* _Directions_: The lines to copy run from the one containing "Silikonarmband - Dunkelgr&uuml;n" through the last line of the listing; copy them exactly and nothing more.

* _Collected data_:

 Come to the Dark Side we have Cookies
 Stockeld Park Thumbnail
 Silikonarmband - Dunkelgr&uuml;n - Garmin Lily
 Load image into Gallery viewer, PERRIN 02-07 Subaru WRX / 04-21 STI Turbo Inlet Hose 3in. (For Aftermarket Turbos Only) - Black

* _Solution for this task_:
 Silikonarmband - Dunkelgr&uuml;n - Garmin Lily
 Load image into Gallery viewer, PERRIN 02-07 Subaru WRX / 04-21 STI Turbo Inlet Hose 3in. (For Aftermarket Turbos Only) - Black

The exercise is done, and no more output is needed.